For about its first 15 minutes, David and Stéphane Foenkinos’ debut feature, Delicacy, looks like it’s going to be that rare down-to-earth screen romance: about a happy couple who get hitched and then deal with meddling in-laws, work stress, and all the other minor aggravations that make the early years of marriage such an adventure. Instead, Delicacy’s sweet opening scenes are just establishing a baseline, showing us what protagonist Audrey Tautou loses when her husband is fatally struck by a car while out for a jog. And then the scenes that immediately follow his death—in which Tautou decides to overcome her grief by becoming a dynamo at her job—establishes another baseline, showing what she complicates when she impulsively jumps into a relationship with awkward Swede François Damiens a couple of years later.

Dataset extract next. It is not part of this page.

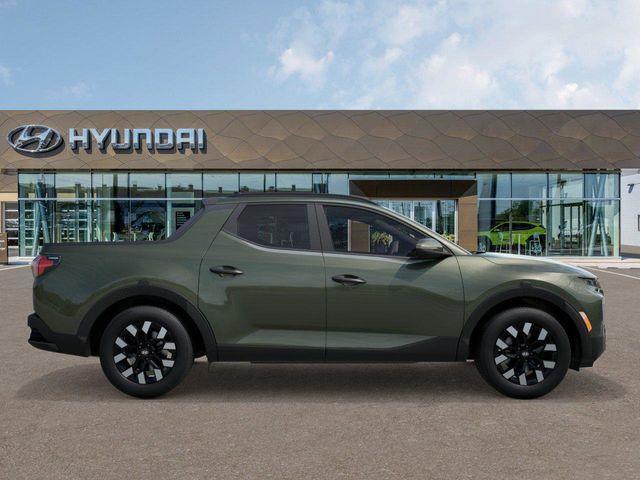 Hyundai Santa Cruz  2026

Delicacy strikes an odd tone, moving not-always-smoothly from realistic observations about loneliness and affection to fanciful expressions of love’s overpowering emotions. The Foenkinos swirl the camera around Tautou and her doomed husband after he proposes to her, and they skip across days, months, and years with clever transitions, matching gestures from one time to another, all while employing a tinkly music-box score. But then they’ll drop the quirks altogether and watch quietly as Tautou stumbles across the book she was reading when she heard the news about the accident, or they’ll spend time with Tautou and her best friend, who’s worried that she can’t tell Tautou about her pregnancy without upsetting her. The movie is caught between the poignancy of the everyday and the exaggerations of fiction.
The latter especially takes hold when Tautou’s jealous boss (Bruno Todeschini) decides to interfere with her new relationship. The Foenkinos overplay Damiens’ homeliness throughout, making it seem like Tautou’s public affection for someone so schlubby is some kind of radical act. And yet whenever it seems that Delicacy is getting too broad—as in a sequence where a giddy Damiens walks down the street and imagines himself as a chick-magnet, like in a body-spray commercial—the Foenkinos come back with something genuinely moving, including a graceful final moment in which Damiens imagines the entire arc of Tautou’s life. Everything that’s well-observed and frustrating about Delicacy can be summed up in a brief scene of Damiens and Tautou chatting online. Before they begin, Damiens sprays cologne on himself, which is a dopey, unnecessary gag. It says much more about who he is that while Tautou’s avatar is a photo of herself, his is the generic human outline. More of that latter kind of detail and less of the former would’ve made Delicacy something truly special.